Within the entries below, please return exactly the lines from the one with "Midnight Merlot Dress" through the one with "Klokkereim for Fitbit", leaving out any pictures.

▸ The records
┏━━

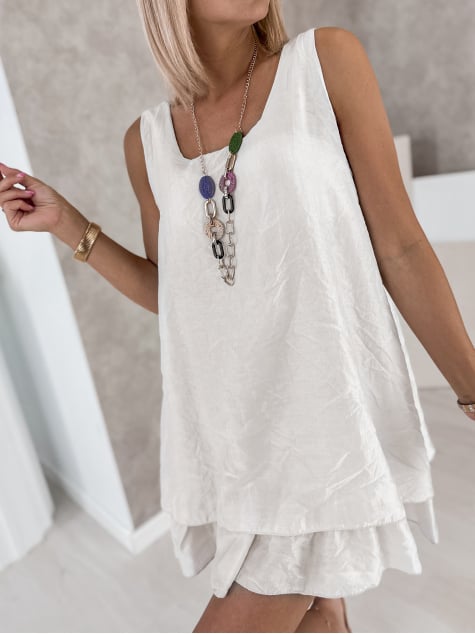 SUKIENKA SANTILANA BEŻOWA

┗━━
┏━━

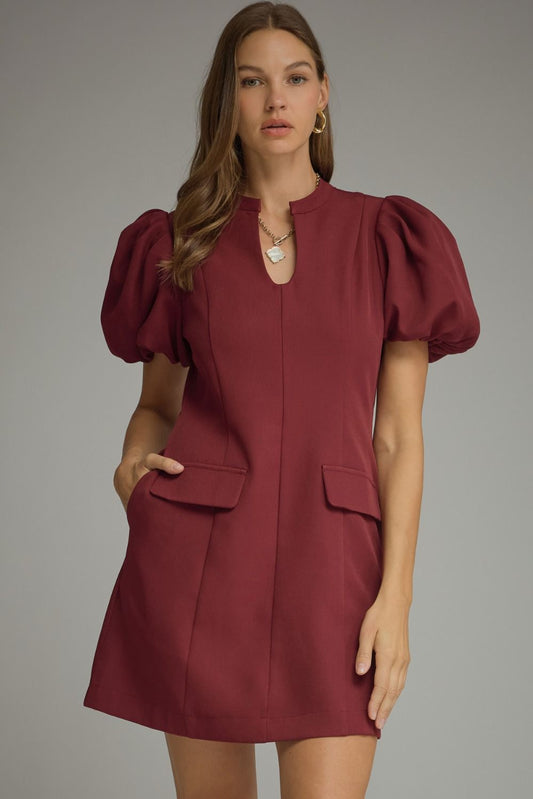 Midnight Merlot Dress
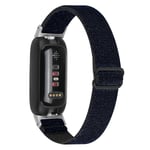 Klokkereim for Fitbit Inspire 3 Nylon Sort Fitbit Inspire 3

┗━━

▸ Solution to the exercise
 Midnight Merlot Dress
 Klokkereim for Fitbit Inspire 3 Nylon Sort Fitbit Inspire 3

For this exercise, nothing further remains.